Write the entries out exactly. Any images they hold stay out of the copy.

-- Dataset records --
"""
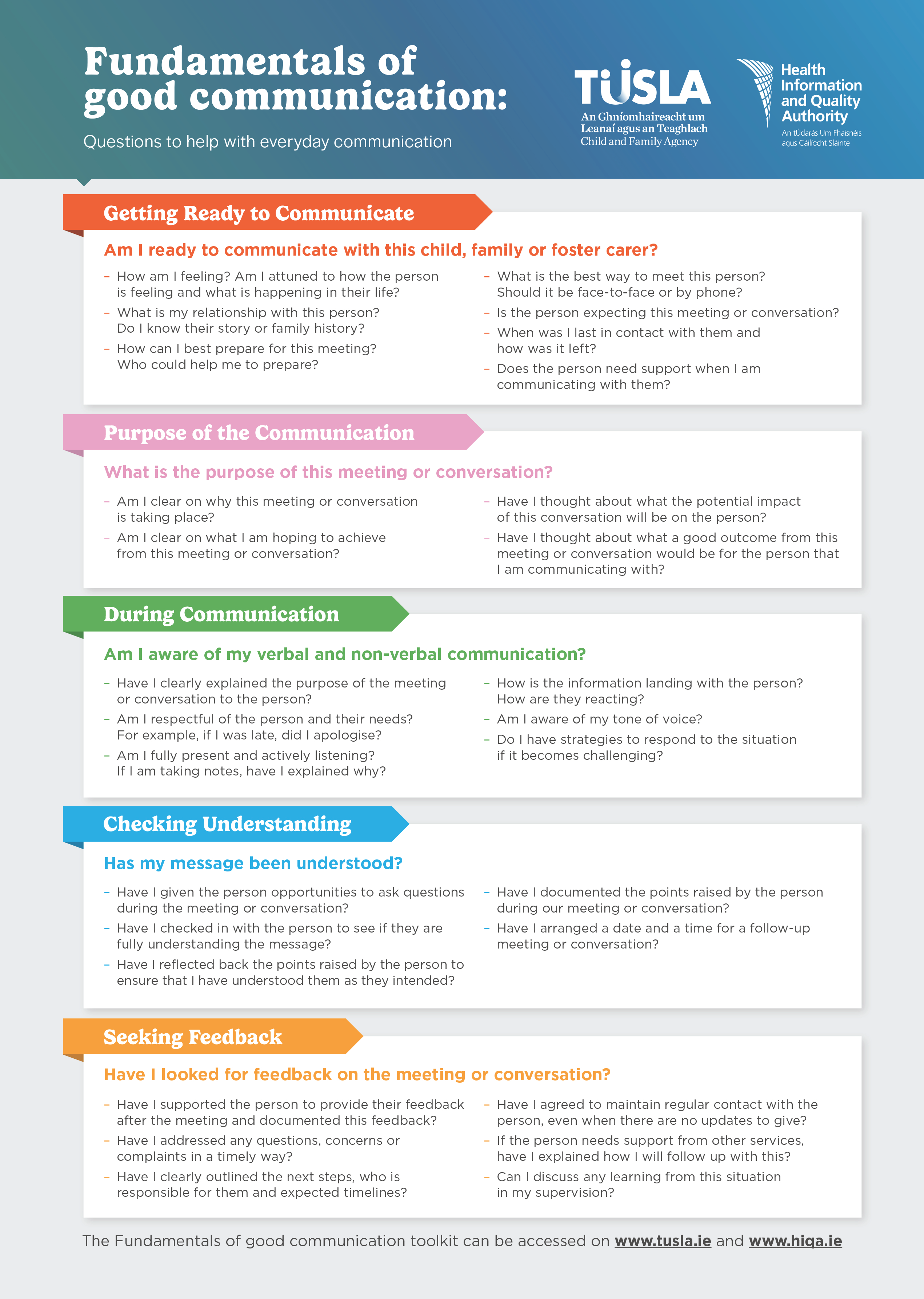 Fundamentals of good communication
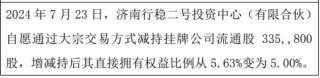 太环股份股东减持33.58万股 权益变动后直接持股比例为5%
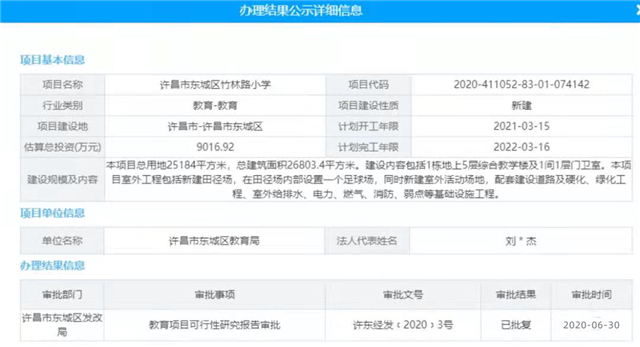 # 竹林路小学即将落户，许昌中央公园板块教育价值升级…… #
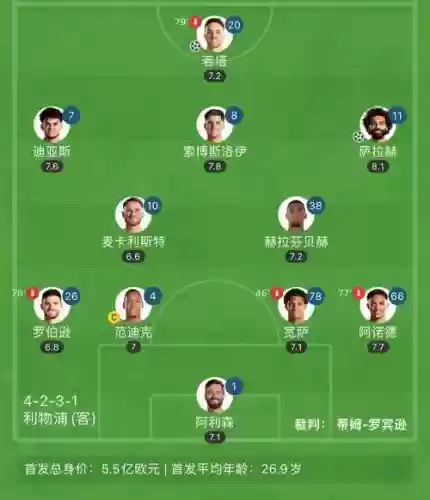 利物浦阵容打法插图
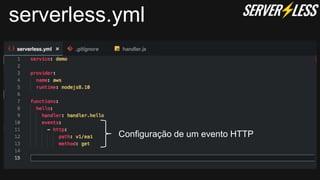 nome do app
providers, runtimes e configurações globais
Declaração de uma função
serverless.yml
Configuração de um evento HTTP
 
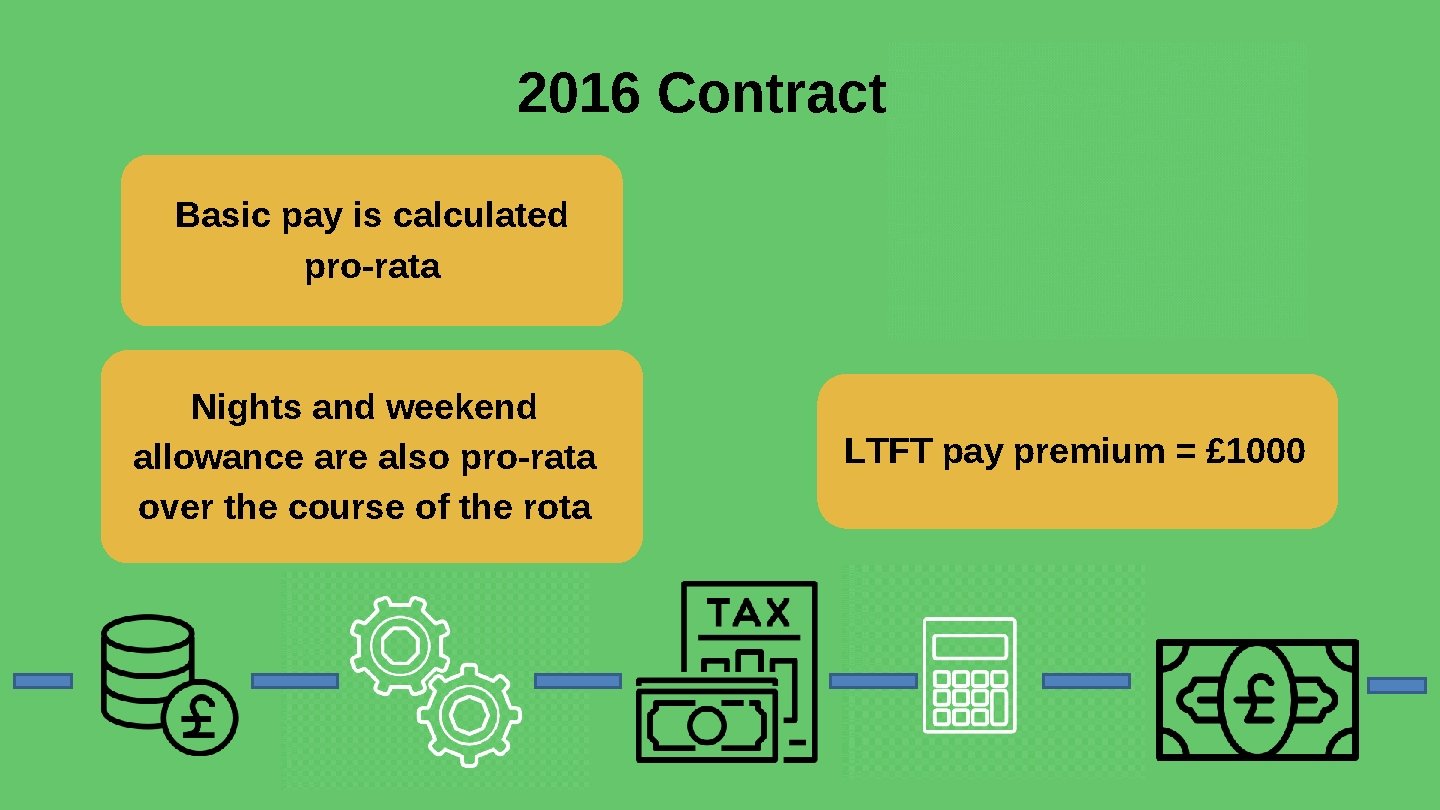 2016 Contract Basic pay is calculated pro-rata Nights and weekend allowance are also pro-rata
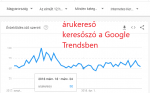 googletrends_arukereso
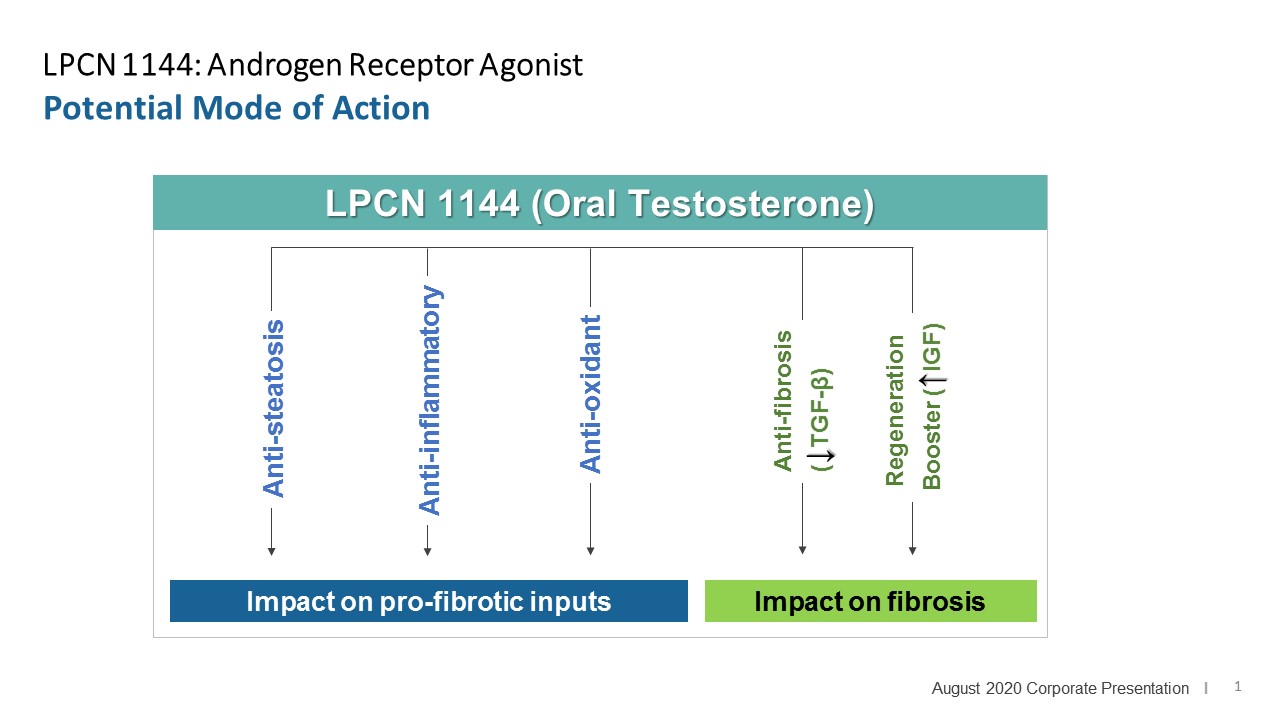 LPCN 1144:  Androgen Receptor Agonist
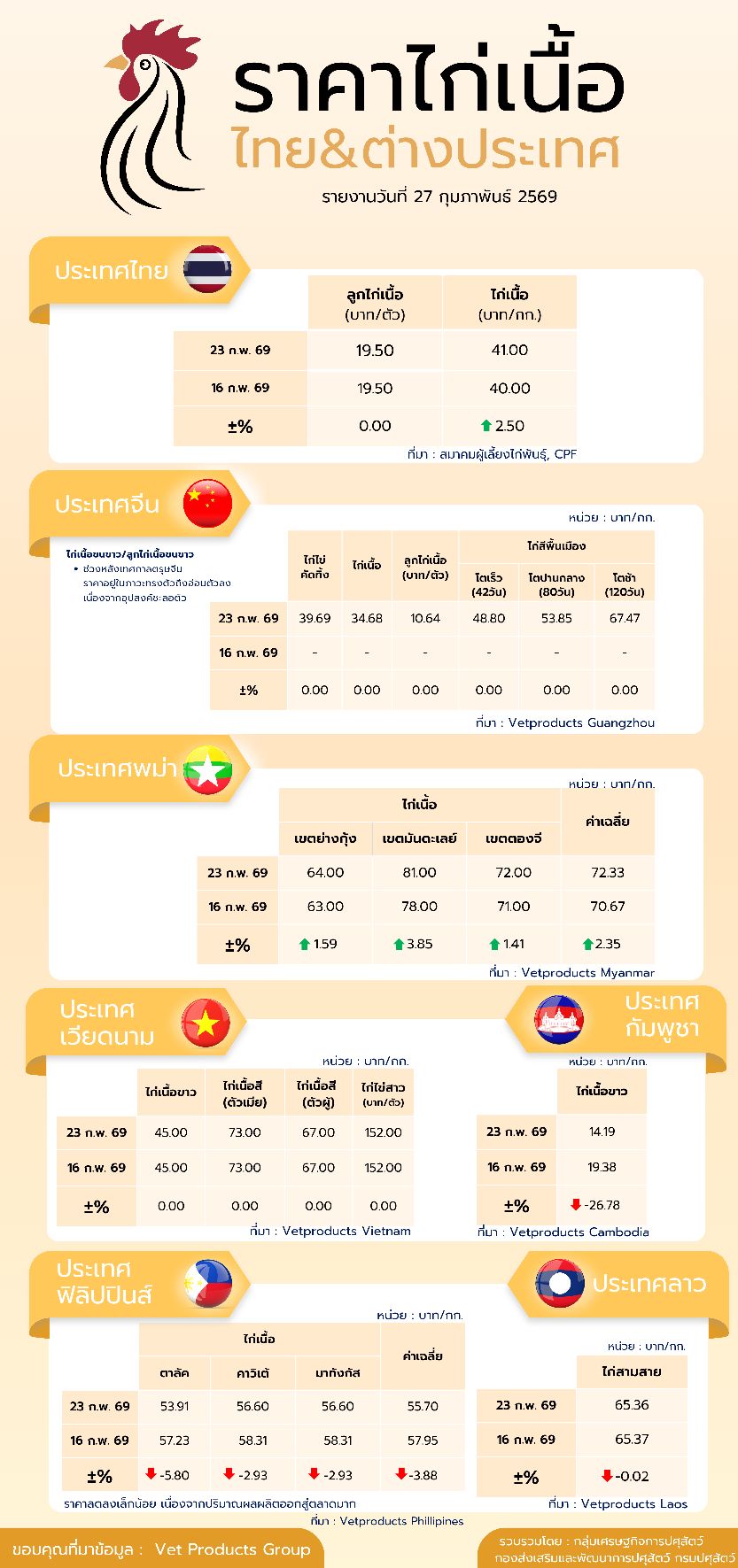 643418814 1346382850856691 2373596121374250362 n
"""
-- Response --
 Fundamentals of good communication
 太环股份股东减持33.58万股 权益变动后直接持股比例为5%
 # 竹林路小学即将落户，许昌中央公园板块教育价值升级…… #
 利物浦阵容打法插图
 nome do app
providers, runtimes e configurações globais
Declaração de uma função
serverless.yml
Configuração de um evento HTTP
 
 2016 Contract Basic pay is calculated pro-rata Nights and weekend allowance are also pro-rata
 googletrends_arukereso
 LPCN 1144:  Androgen Receptor Agonist
 643418814 1346382850856691 2373596121374250362 n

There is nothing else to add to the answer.